Tuğba Koyuncu

Personal information
- Nationality: Turkish
- Born: February 16, 1991 (age 35) Kayseri, Turkey
- Height: 169 cm (5 ft 7 in)
- Weight: 55 kg (121 lb)

Sport
- Sport: Middle-distance
- Club: Enkaspor

Achievements and titles
- Personal bests: 800 m 2:01.78 (2011); 1500 m 4:03.41 (2011); 3000 m 9:23.65 (2010);

Medal record
Women's athletics
Representing Turkey
European U23 Championships
| Silver medal – second place | 2011 Ostrava | 1500 m |
Islamic Solidarity Games
| Bronze medal – third place | 2013 Palembang | 800 m |
Mediterranean Games
| Bronze medal – third place | 2013 Mersin | 800 m |
| Bronze medal – third place | 2013 Mersin | 1500 m |

= Tuğba Koyuncu =

Turkish middle-distance runner

Tuğba Koyuncu (née Karakaya; born February 16, 1991, in Kayseri, Turkey) is a Turkish middle-distance runner.
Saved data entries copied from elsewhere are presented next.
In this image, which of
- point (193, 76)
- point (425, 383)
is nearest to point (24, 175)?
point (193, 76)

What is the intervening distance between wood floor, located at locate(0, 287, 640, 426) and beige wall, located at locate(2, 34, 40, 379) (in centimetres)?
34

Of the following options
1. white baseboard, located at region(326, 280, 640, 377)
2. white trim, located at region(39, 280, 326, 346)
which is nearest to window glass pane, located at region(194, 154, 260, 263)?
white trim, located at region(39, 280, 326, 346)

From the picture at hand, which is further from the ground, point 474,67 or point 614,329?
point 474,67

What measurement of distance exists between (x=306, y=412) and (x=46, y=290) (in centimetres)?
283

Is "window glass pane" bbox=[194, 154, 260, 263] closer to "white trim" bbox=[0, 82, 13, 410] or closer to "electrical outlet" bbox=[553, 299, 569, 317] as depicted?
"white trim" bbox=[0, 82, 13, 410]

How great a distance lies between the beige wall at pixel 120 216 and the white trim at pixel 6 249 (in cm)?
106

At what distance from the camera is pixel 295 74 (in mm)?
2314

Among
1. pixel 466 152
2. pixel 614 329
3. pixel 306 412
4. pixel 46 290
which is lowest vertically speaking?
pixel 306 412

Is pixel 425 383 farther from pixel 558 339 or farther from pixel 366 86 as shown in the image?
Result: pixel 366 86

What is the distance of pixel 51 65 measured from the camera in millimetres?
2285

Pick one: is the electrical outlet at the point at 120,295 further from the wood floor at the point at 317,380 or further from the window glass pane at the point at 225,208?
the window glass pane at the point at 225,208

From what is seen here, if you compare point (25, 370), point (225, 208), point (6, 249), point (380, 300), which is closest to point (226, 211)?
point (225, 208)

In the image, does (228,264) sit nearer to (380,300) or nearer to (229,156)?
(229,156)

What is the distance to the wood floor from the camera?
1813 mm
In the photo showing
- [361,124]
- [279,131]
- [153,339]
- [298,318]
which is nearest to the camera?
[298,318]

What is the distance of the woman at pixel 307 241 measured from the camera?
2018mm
She is a student of physical education and sports at the local Erciyes University. Karakaya was a member of the Fenerbahçe Athletics Club, where she was coached by Süleyman Altınok before she transferred to Enkaspor. The 169 cm tall athlete weighs 55 kg.

==Career==
She was born to Kasım Karakaya, a restaurant employee, and his wife İkbal, who both have seven children. She is the older of two sisters. She began running at the age of 12.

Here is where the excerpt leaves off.